Tak beberapa lama kemudian, Bejo dengan disaksikan antara lain masyarakat setempat, Camat Pakis Wisnu Harjanto, Kepala Taman Nasional Gunung Merbabu Wilayah II Magelang Sihono, Kepala Desa Bayusidi Riyadi, dan Kepala Dusun Puluhan Suyitno, berdiri dan berjalan mengelilingi jembatan sambil menaburkan kembang mawar warna merah dan putih.

Camat Wisnu dengan pakaian seragam birokrat pemda setempat pun kemudian berdiri di tengah jembatan sepanjang 12 meter dan lebar empat meter itu.

Ia memegang sepasang burung merpati. Saat musik pengiring tarian topeng ireng dan satu nomor musik drum band dikumandangkan, sepasang burung itu pun dilepas dan terbang melewati pepohonan di antara dua tebing itu.

Jembatan lama yang dibangun secara swadaya masyarakat setempat era 1980-an hancur diterjang banjir sungai itu pada Desember 2010. Jembatan itu jalur utama yang memudahkan warga setempat, yang hendak menjual panenan hortikultura antara lain ke Pasar Pakis, Pasar Kaponan, dan Pasar Ngablak.

Selain itu, jembatan tersebut juga sarana paling dekat bagi anak-anak desa setempat untuk menjangkau sekolahnya di SMP dan SMA di kota Kecamatan Pakis.

Warga setempat berjumlah 231 jiwa atau 63 keluarga dengan hampir semuanya bermatapencaharian sebagai petani hortikultura terutama cabai, tomat, dan kubis.

Jembatan itu juga menjadi jalur penting untuk aktivitas perekonomian, akses pendidikan, dan kesehatan warga di beberapa desa lainnya di kawasan itu. "Itu jalur penting kami selama ini untuk menjangkau ibu kota kecamatan kami," kata Suyitno.

Warga harus menempuh jalan yang lebih jauh untuk keluar desanya atau menjangkau kota kecamatan guna berbagai kepentingan, akibat putusnya jembatan tersebut.

Pembangunan jembatan baru di atas sungai itu untuk menggantikan jembatan yang telah hancur dilakukan secara swakelola sejak Juli 2011 hingga awal Januari 2012.

Total biaya pembangunan jembatan baru mereka sekitar Rp94,714 juta. Sekitar Rp89 juta di antara total dana itu berasal dari alokasi Program Nasional Pemberdayaan Masyarakat (PNPM) Pedesaan 2011. Dana itu juga untuk pembangunan saluran air di sekitar jalan menuju jembatan. "Sempat terhambat pembangunannya satu bulan karena proses pencairan dana," katanya.

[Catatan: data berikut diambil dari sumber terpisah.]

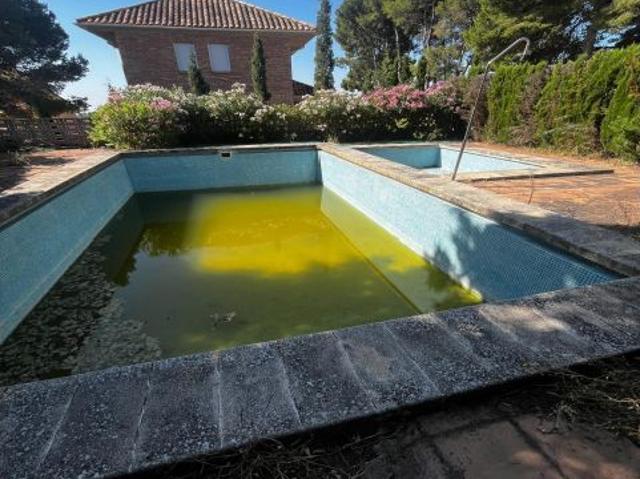 NÁQUERA, URBANIZACIÓN EL PARAISO. Se vende chalet independiente de 240 m2, con 40 de terraza, parcel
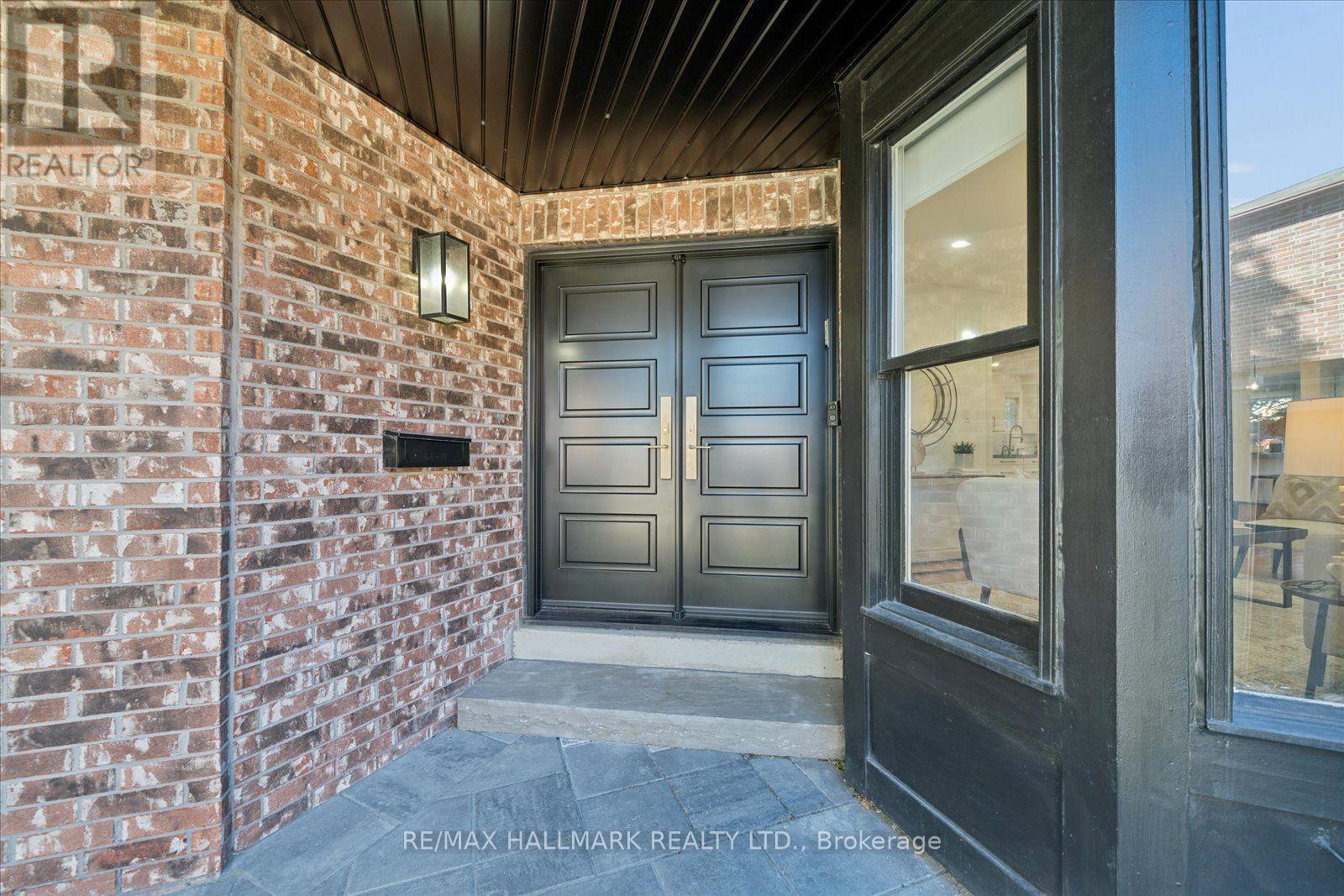 67 Chilmar Crescent, Vaughan, Ontario L4J 6Y5 - Photo 3 - N13794254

Camat Wisnu menyampaikan apresiasi atas selesainya pembangunan jembatan penghubung antardesa di kawasan gunung itu secara swakelola oleh masyarakat setempat.

"Ini syukuran masyarakat. Mereka juga harus merawat, menjaga, dan melestarikan lingkungan sekitar ini agar tetap lestari," katanya.

Ungkapan gembira atas selesainya pembangunan jembatan di desa mereka pun bagaikan makin diperkuat menjadi pesta masyarakat Gunung Merbabu.

Pusat dusun itu menjadi tempat keramaian masyarakat karena sejumlah pementasan kesenian tradisional seperti tarian "Ndayakan", "Geculan Bocah, dan "Gupolo Gunung". Belum lagi, puluhan orang di tepi kanan dan kiri jalan desa itu serta di teras-teras rumah warga setempat menggelar berbagai dagangan seperti jajanan, mainan anak-anak, pakaian, dan aneka menu makanan lainnya.

Tabuhan iringan musik tradisional seperti gamelan, "truntung" dan "jedor" menggema sepanjang siang hari di kawasan gunung itu. Deretan meja tamu di setiap rumah mereka bertata aneka makanan yang tersuguh baik dalam piring maupun "topeles" untuk siapa saja yang singgah.

Untuk jembatan baru di desanya, mereka tulus dan total mengungkap kegembiraannya.